Compared with China's first-tier cities.
It has been noted that homes in HK are becoming “relatively more affordable” versus first-tier cities in China.
According to a research note from Bank of America Merrill Lynch, HK's housing affordability ratio, defined as monthly mortgage payment as a percentage of median private household income, now stands at 58%, according to Bank of America Merrill Lynch's analysis (assuming flat size of 700 psf, 70% LTV and 25 years of mortgage tenor).
In reality, this ratio should be slightly lower as HKMA has tightened mortgage limits for flats valued below HK$7mn from a maximum LTV of 70% to 60% starting March 2015. Thus, the down-payment requirement has become more of a determining factor in whether home prices are affordable.
However, for simplicity's sake, Bank of America Merrill Lynch continues to assume a 70% LTV in calculating their affordability ratio time series. Home price to income ratio, which is another important metric to gauge housing affordability, was at 16.8x in 3Q16.
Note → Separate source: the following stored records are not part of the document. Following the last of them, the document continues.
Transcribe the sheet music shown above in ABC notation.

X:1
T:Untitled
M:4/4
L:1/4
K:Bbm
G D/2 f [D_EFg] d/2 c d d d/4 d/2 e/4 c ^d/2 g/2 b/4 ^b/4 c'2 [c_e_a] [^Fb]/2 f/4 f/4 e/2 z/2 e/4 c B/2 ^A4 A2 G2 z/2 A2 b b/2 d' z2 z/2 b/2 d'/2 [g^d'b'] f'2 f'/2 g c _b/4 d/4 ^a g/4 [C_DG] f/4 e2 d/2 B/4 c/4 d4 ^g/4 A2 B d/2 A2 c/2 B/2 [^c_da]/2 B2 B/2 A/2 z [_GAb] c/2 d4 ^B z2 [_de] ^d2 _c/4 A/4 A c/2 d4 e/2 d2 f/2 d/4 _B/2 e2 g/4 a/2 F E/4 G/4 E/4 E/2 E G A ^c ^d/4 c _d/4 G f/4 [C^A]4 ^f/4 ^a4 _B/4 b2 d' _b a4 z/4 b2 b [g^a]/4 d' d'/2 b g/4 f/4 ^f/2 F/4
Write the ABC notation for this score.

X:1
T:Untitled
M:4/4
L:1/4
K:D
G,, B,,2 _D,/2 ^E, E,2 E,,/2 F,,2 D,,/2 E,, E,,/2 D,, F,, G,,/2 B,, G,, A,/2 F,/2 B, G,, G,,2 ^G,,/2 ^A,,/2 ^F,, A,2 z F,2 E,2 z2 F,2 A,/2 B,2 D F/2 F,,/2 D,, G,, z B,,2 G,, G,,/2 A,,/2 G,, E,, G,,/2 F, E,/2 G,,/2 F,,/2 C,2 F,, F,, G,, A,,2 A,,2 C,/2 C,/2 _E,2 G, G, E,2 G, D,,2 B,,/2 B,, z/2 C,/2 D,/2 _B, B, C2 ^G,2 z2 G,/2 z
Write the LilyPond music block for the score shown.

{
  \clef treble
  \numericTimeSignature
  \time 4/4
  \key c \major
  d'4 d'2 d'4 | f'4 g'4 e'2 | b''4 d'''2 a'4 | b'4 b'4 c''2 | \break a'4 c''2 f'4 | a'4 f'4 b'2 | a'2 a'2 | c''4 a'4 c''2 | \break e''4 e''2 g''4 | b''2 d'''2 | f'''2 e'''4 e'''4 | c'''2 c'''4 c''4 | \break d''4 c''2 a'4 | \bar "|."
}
Here's more from Bank of America Merrill Lynch:
With the exception of Guangzhou, we estimate that the housing affordability ratio now stands at 80-124% for the other three first-tier cities in China after 24-38% surge in home prices YTD (assuming flat size of 90 sqm, 70% LTV and 25 years of mortgage tenor).
Their home price to income ratios were at 14.6-22.5x as of Aug 2016. Now that the home price gap between Hong Kong and the first-tier cities in China has narrowed and that the affordability of the latter has become more stretched, we believe more mainland investors might consider buying a second home in Hong Kong for diversification or wealth-protection purpose.
Meanwhile, some mainland investors could have sold some of their properties in China to lock in profit, and decide to re-deploy their proceeds in Hong Kong.